### [PROBLEM]
Extract, in full, the lines below, beginning at the first and ending with the line that contains "Mercedes 220 SEb". Pictures do not belong in the copy.
━━━━━ DATA RECORDS ━━━━━
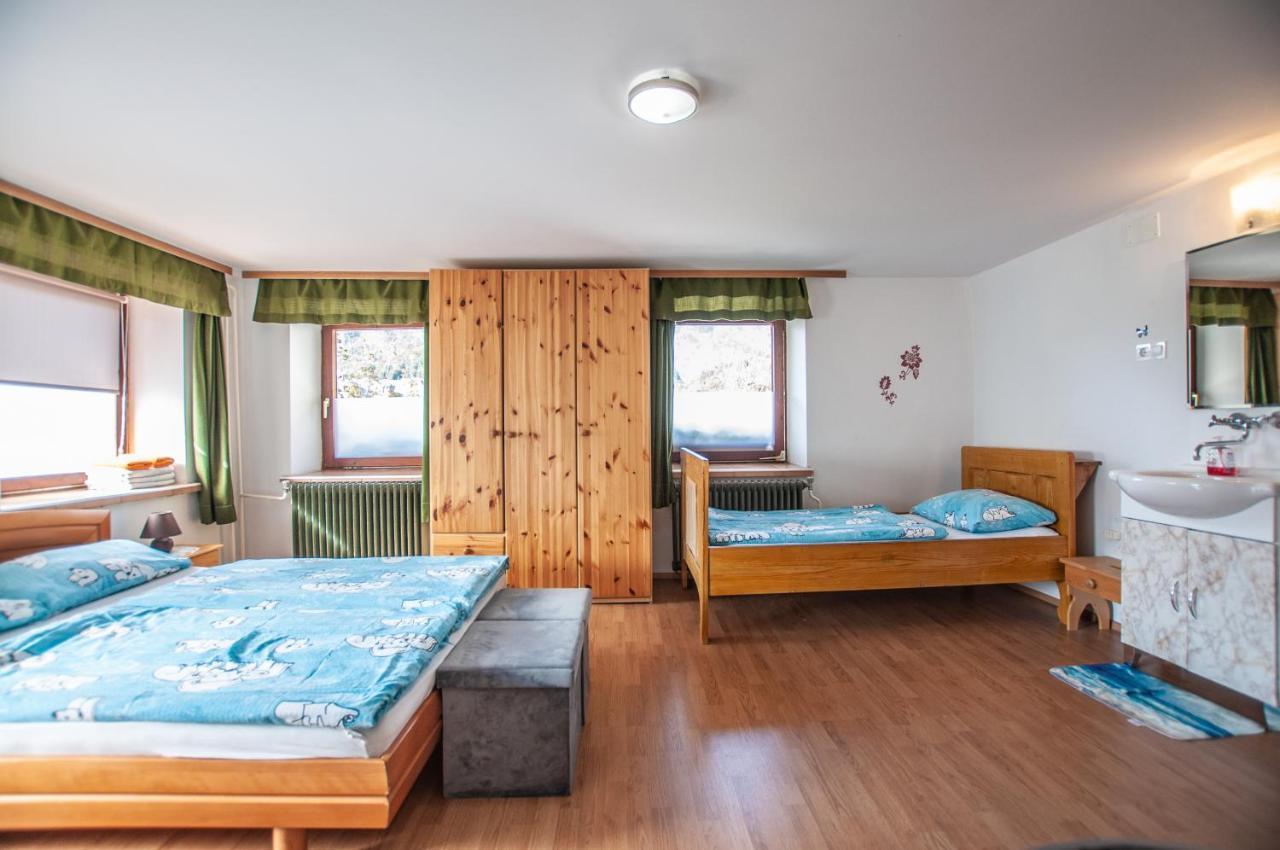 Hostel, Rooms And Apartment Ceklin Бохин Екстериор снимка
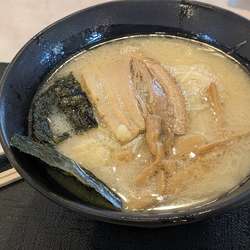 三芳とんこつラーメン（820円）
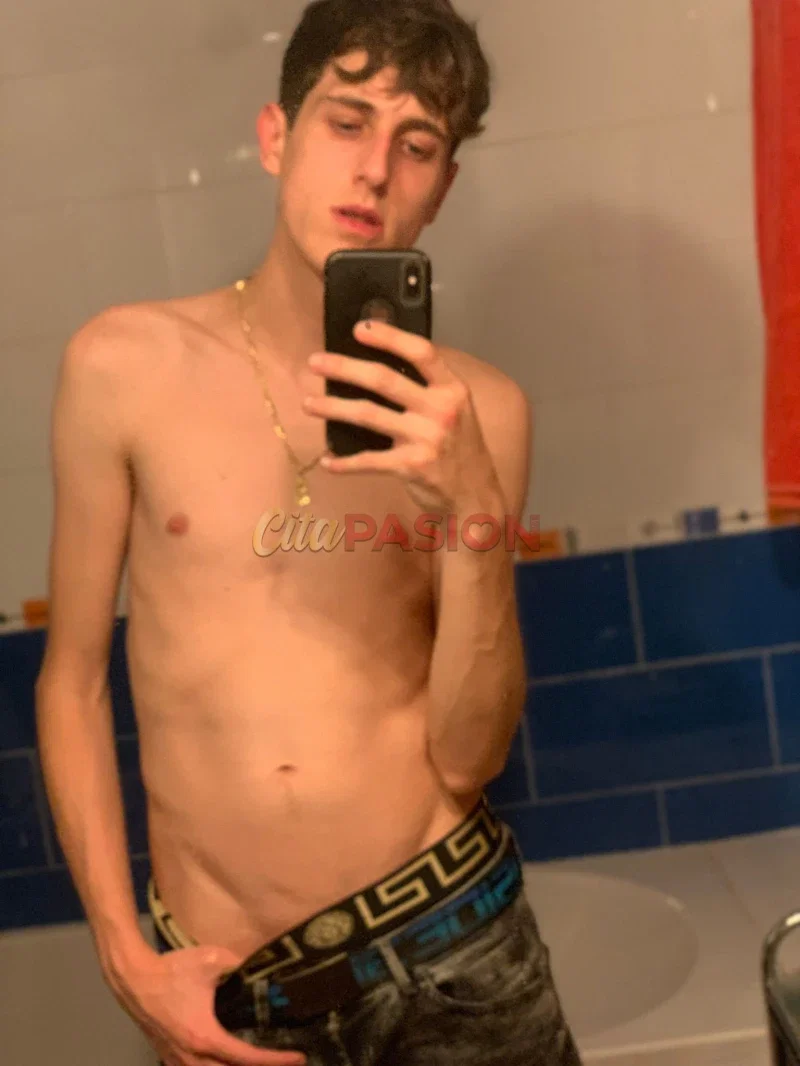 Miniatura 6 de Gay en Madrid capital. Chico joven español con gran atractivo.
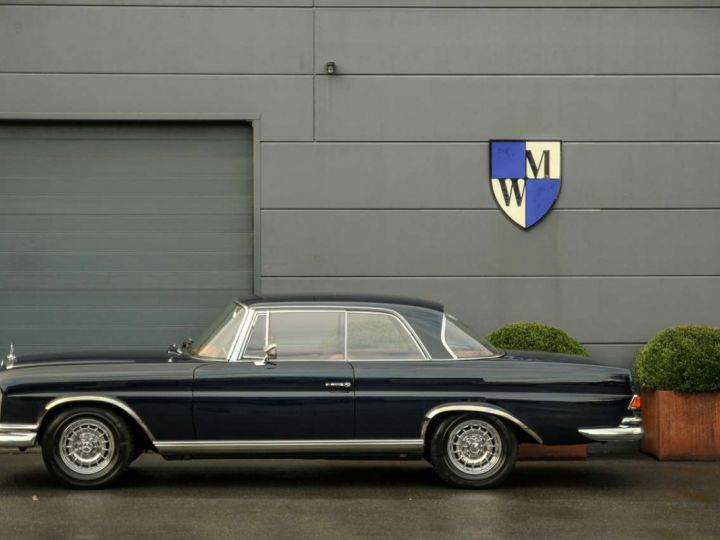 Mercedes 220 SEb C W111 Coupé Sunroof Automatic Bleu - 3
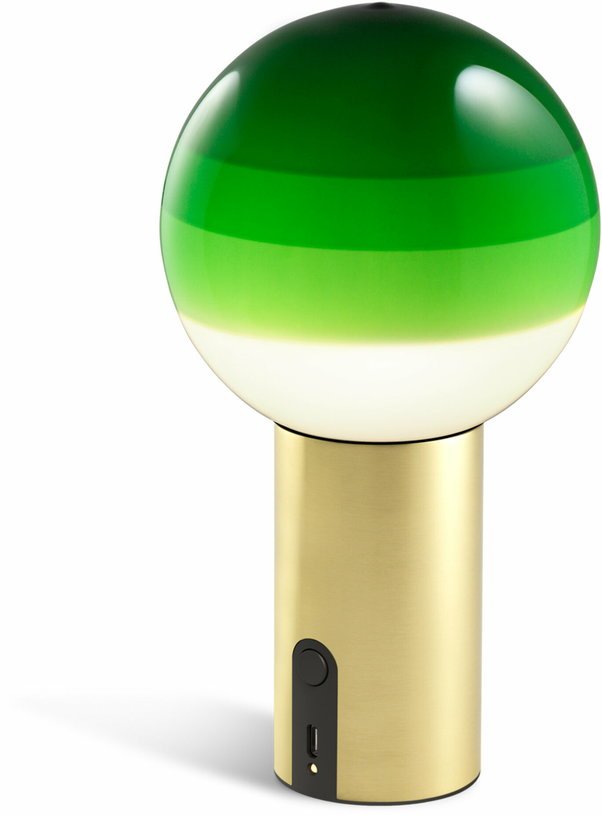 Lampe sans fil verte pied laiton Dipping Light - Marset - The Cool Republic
━━━━━
### [EXERCISE RESPONSE]
 Hostel, Rooms And Apartment Ceklin Бохин Екстериор снимка
 三芳とんこつラーメン（820円）
 Miniatura 6 de Gay en Madrid capital. Chico joven español con gran atractivo.
 Mercedes 220 SEb C W111 Coupé Sunroof Automatic Bleu - 3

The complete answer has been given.